§ **INFORMATION SHOWN**:
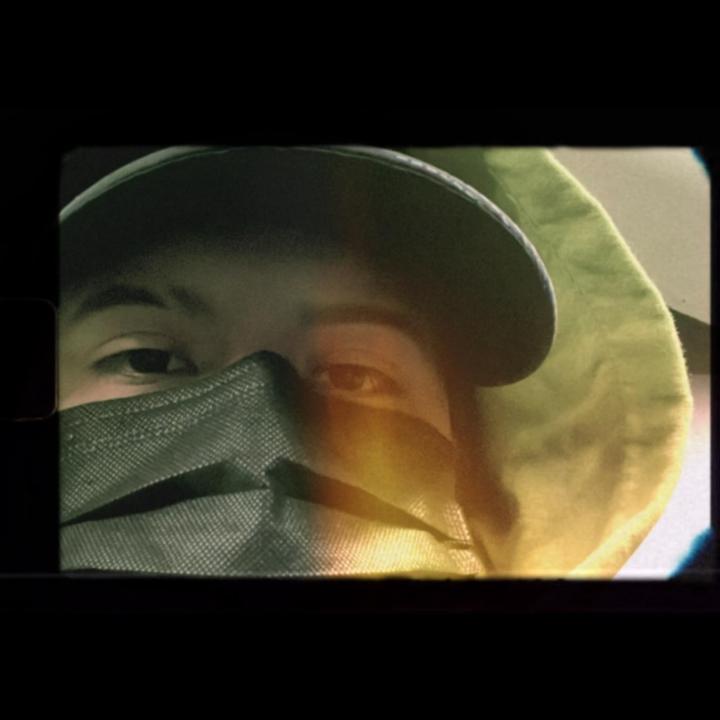 Ismael Pillco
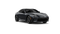 2027 Toyota GR86 Premium MT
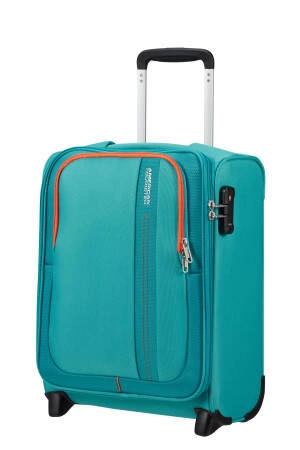 Walizka American Tourister SEA SEEKER 2 koła 28l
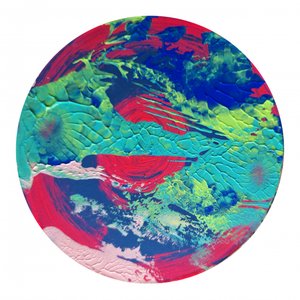 Flux abstrait et dynamique - Kanat Ibragimov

§ **ACTIVITY**:
The copy runs from the line containing "Walizka American Tourister" through the last line of the material, both ends included. Reproduce those lines exactly and drop the pictures.

§ **FINAL ANSWER**:
 Walizka American Tourister SEA SEEKER 2 koła 28l
 Flux abstrait et dynamique - Kanat Ibragimov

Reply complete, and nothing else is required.